Texas Teen Who Sued Parents Over Abortion Clash Back With Mom

Reagan felt her parents were pressuring her to have an abortion.

June 14, 2013— -- It was a case that made national headlines – a pregnant 16-year-old in Texas emancipated herself from her parents because she felt they were pressuring her to have an abortion. Now, just four months later, that same teen is back living with her mother and awaiting the birth of her son.

In many ways Reagan (who has requested her last name not be used) is a lot like any high school student – excited about having her driver's license, planning for summer vacation and hanging out with her friends.

Watch the full story on "20/20: With Parents Like These" TONIGHT at 10 ET.

But unlike most of her high school peers, Reagan is no longer legally considered a child. Under Texas law, she is an adult. In February she made the agonizing decision to emancipate herself from her parents, who are divorced.

The high school junior took her parents to court in Harris County, Texas, to sever their parental rights after she became pregnant and argued with her parents over whether she should have abortion.

"I was furious with both of them," Reagan said in an interview with "20/20." "I wasn't trying to be a stubborn teenager."

Reagan had met her boyfriend, Evan, during summer vacation. A sophomore at a neighboring high school, he shared her love of horses and the outdoors. The two started spending more and more time together after Reagan got her driver's license.

"I've never dated someone who treated me good like that," said Reagan, who fell hard for the handsome 16-year-old. "I think me and him actually got close, really quick."

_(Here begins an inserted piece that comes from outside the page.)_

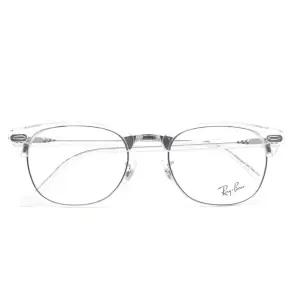 레이밴 RB5154 2001 (53) 투명+실버 안경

Reagan's mother, Denise Koen, talked to her daughter about sex and preventing pregnancy. "I said, If you're going to choose to have sex, then you need to ensure that you're going to protect yourself," said Koen. "We'll get you on birth control. I don't want you to set yourself up to fail."

But Reagan stopped taking her birth control pills – and soon after discovered that she was pregnant. She told Evan, who was shocked by the news.

"[I] wasn't expecting to be 16 and having a baby," Evan said.

Reagan held off telling her parents. "I didn't know what my mom was going to think," she said. "Especially Dad, you know, because, it's like your fear when you're a teenage daughter is, Oh my God, my dad!'"

After she broke the news, her father, Jeff Koen, was very upset.

"It's a mistake, done by kids that obviously don't know what they're doing," he said, referring to the pregnancy.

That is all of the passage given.